And again, because so many rom-coms use the media as their professional settings, they have a tendency to depict journalists, particularly female journalists, as being prone to personal relationships that cross all kinds of ethical and professional lines. If female journalists in rom-coms aren’t getting romantically involved with their sources or male colleagues (Sleepless in Seattle, The Devil Wears Prada, Never Been Kissed, He’s Just Not That Into You, Trainwreck, Top Five, the list goes on), they’re being preposterously manipulated by people who want to make their love lives the center of the story.

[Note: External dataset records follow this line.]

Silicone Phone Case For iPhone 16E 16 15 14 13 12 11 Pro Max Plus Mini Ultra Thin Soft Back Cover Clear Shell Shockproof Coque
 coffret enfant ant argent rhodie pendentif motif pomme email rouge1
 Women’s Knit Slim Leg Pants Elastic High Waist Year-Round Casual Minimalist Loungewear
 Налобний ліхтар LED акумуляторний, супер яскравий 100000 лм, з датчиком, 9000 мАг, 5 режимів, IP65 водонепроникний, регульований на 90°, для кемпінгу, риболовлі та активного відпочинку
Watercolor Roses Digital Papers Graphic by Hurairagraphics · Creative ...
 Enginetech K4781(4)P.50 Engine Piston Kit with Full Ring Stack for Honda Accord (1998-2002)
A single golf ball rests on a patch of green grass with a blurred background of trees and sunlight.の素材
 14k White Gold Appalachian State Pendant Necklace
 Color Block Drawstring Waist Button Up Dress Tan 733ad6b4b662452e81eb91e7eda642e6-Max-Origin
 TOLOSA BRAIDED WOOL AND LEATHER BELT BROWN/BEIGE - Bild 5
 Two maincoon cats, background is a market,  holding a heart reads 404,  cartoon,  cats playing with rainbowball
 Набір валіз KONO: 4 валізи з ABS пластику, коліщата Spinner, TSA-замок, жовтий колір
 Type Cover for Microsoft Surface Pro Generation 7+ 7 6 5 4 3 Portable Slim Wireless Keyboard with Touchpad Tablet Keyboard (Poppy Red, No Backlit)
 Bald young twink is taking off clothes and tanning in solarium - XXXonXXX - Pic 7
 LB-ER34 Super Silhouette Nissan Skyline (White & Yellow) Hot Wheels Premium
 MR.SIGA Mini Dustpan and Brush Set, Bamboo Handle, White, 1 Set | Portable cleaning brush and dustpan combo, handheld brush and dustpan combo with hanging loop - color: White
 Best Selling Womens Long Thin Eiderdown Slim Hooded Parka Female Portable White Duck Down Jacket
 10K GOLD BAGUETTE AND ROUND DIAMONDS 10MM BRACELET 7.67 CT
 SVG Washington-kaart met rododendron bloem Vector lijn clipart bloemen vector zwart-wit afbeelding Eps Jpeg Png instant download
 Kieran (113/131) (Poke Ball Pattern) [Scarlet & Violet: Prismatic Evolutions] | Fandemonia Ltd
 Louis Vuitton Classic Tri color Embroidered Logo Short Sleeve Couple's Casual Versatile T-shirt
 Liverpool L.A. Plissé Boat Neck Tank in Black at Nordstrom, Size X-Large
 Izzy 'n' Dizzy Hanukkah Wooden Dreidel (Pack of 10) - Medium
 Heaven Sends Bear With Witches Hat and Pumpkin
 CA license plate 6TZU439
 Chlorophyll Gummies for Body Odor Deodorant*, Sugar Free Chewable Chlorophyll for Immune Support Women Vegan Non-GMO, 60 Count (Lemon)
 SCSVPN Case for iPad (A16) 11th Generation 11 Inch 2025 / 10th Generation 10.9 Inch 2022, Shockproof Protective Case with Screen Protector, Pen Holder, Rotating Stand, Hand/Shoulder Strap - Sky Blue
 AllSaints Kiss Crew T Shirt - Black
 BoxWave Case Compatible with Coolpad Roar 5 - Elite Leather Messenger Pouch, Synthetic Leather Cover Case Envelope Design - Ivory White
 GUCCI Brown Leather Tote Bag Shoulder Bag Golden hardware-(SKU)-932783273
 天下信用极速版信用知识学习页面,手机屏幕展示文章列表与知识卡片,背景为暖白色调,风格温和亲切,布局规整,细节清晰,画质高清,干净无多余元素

These tropes tend to make “journalism” a stand-in for “romantic workplace shenanigans” (which is often code for “sexual harassment”). When the BBC made a modern version of Much Ado About Nothing in 2005, it recast bickering love-struck archetypes Beatrice and Benedick as squabbling newsroom anchors whose sexual tension gives the show a ratings boost. In The Ugly Truth, Katherine Heigl’s morning-show producer is undermined again and again by a swaggering Gerard Butler, who joins the show as a host and manipulates her into a relationship, despite her initial loathing and the obvious ethical conflict.
Then there’s How to Lose a Guy in 10 Days, in which Kate Hudson is a lifestyle columnist for a women’s magazine who decides to base a story around a calculated attempt to date and break up with a random guy. Her own former colleagues — two women, because of course women can’t have non-catty, mutually supportive relationships in rom-coms — manipulate her into dating a guy who’s also trying to leverage a dating plot to use in his professional career. And Carrie Bradshaw’s entire career in Sex in the City is built around mining her sex life for columns.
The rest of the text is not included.